ABOUT THIS EXERCISE. Copy each record exactly and skip its pictures.

[[ ENTRIES SUPPLIED open ]]

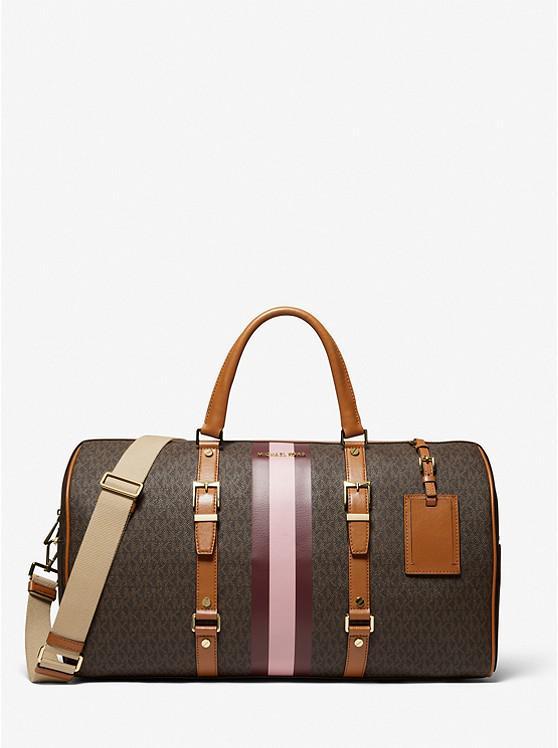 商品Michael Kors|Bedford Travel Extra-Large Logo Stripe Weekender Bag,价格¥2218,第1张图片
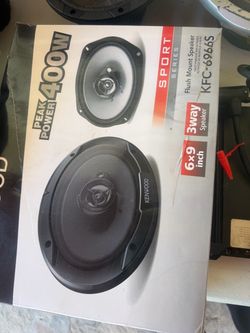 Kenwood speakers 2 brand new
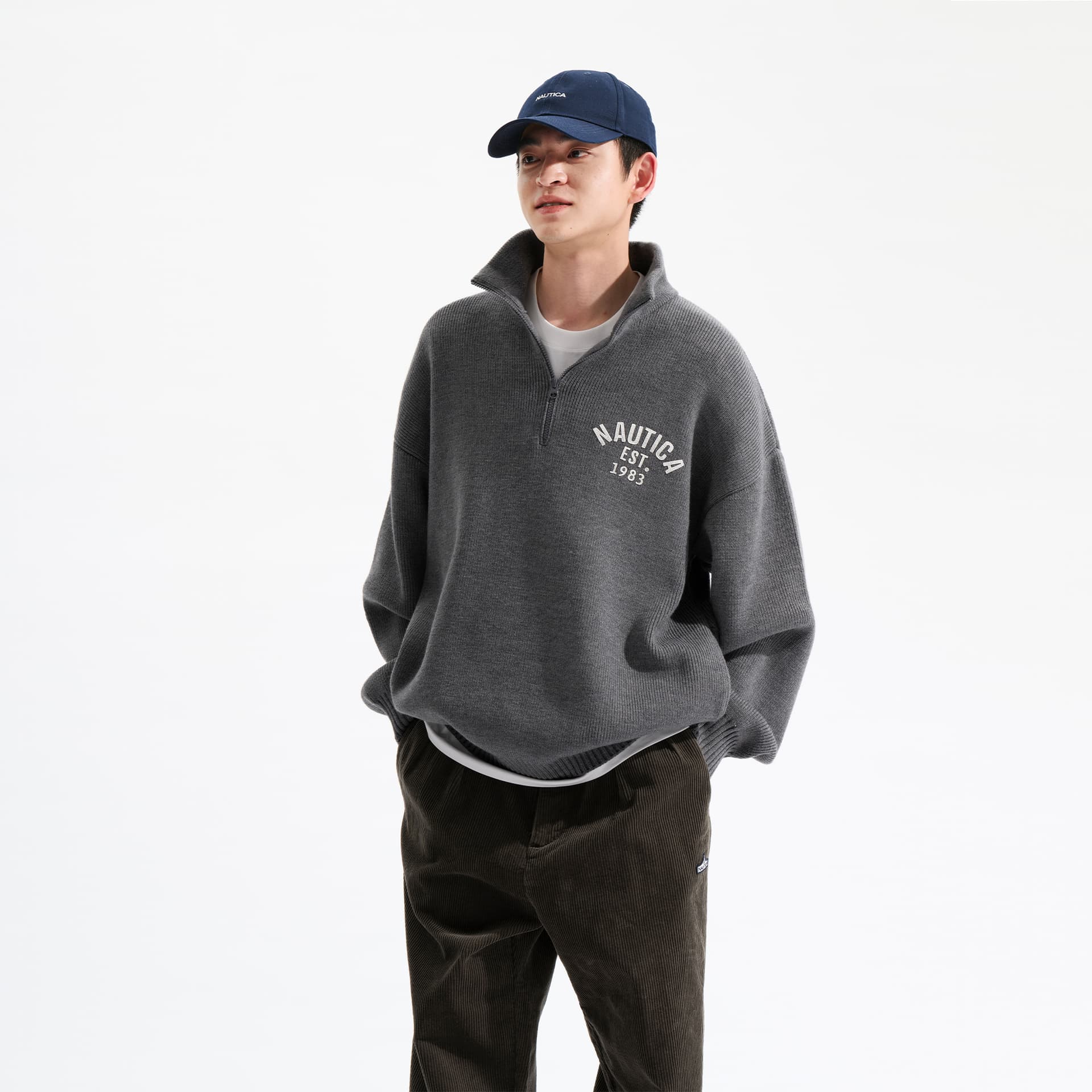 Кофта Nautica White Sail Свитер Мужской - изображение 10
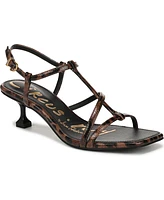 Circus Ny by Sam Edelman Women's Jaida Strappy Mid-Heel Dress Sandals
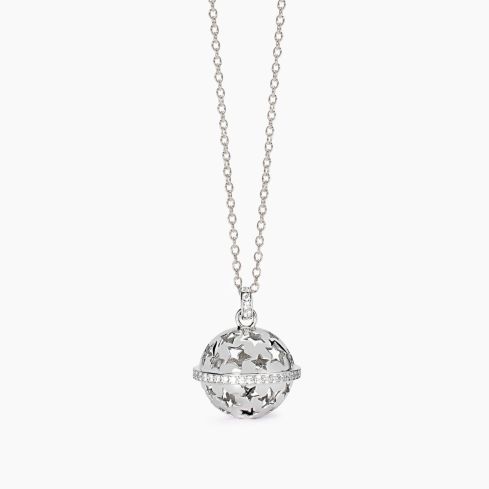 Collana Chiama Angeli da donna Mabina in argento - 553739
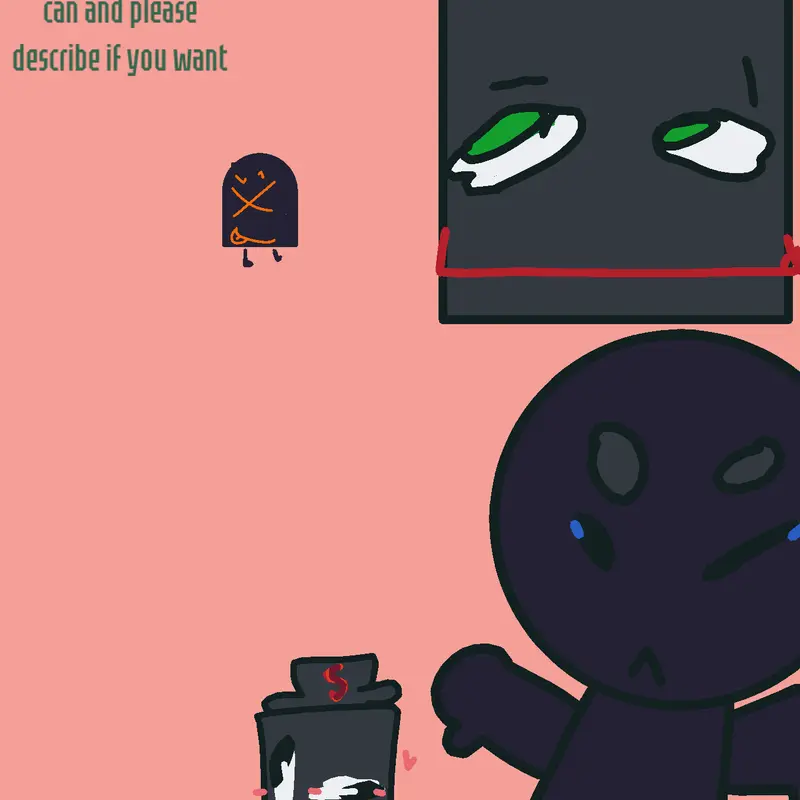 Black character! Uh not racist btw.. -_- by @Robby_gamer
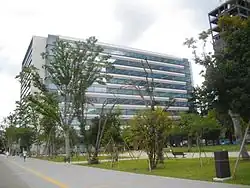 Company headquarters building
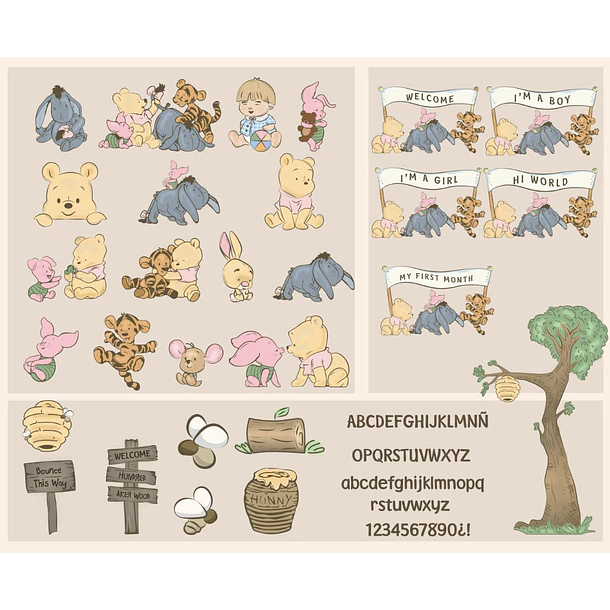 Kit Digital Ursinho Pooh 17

[[ ENTRIES SUPPLIED closed ]]

TASK SOLUTION.
 商品Michael Kors|Bedford Travel Extra-Large Logo Stripe Weekender Bag,价格¥2218,第1张图片
 Kenwood speakers 2 brand new
 Кофта Nautica White Sail Свитер Мужской - изображение 10
 Circus Ny by Sam Edelman Women's Jaida Strappy Mid-Heel Dress Sandals
 Collana Chiama Angeli da donna Mabina in argento - 553739
 Black character! Uh not racist btw.. -_- by @Robby_gamer
 Company headquarters building
 Kit Digital Ursinho Pooh 17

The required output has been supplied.